I joined in class five, my cousin, now Professor (Prince) Abubakar Hamman Tukur of the University of Maiduguri and a good friend, Dr. Hamidu Bobboi who is the current Executive Secretary of UBEC. They were the stars of our class, competing for the first position up to the time we graduated in 1970.
I have only good memories of my school days at Hammawa primary school from Janyary 1964 to December 1967. We had meals shared to us by the Senior boarding school students. Breakfast and lunch. Many of them were generous.

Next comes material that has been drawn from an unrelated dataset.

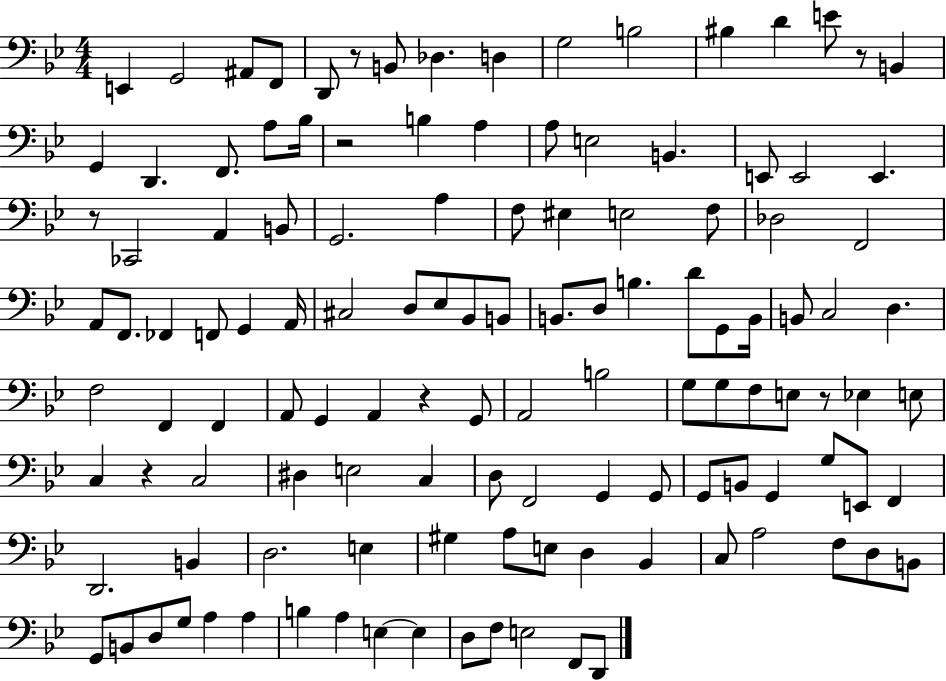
E2/q G2/h A#2/e F2/e D2/e R/e B2/e Db3/q. D3/q G3/h B3/h BIS3/q D4/q E4/e R/e B2/q G2/q D2/q. F2/e. A3/e Bb3/s R/h B3/q A3/q A3/e E3/h B2/q. E2/e E2/h E2/q. R/e CES2/h A2/q B2/e G2/h. A3/q F3/e EIS3/q E3/h F3/e Db3/h F2/h A2/e F2/e. FES2/q F2/e G2/q A2/s C#3/h D3/e Eb3/e Bb2/e B2/e B2/e. D3/e B3/q. D4/e G2/e B2/s B2/e C3/h D3/q. F3/h F2/q F2/q A2/e G2/q A2/q R/q G2/e A2/h B3/h G3/e G3/e F3/e E3/e R/e Eb3/q E3/e C3/q R/q C3/h D#3/q E3/h C3/q D3/e F2/h G2/q G2/e G2/e B2/e G2/q G3/e E2/e F2/q D2/h. B2/q D3/h. E3/q G#3/q A3/e E3/e D3/q Bb2/q C3/e A3/h F3/e D3/e B2/e G2/e B2/e D3/e G3/e A3/q A3/q B3/q A3/q E3/q E3/q D3/e F3/e E3/h F2/e D2/e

The final Senior set to leave was in December 1965. I was 9 years old and in class two. The students union organised a send-off party and, girls, I assumed, from GGSS Yola were brought in in the back of a Bedford. Sam Cooke’s 1962 solo number “Twisting the Night Away” was still on top of the chart, and boy, did they twist the night away. I enjoyed every bit of it watching from a bench meters away. I also remember falling asleep half way through the party, but not before getting a share of chunks of meat and Masa from a distant “brother,” who was part of the last set. I won’t name him.
I can write a book about my mother and how well she raised me. May be one day, God willing, I will do just that.
May her soul continue to rest in Jannatul-Firdaus.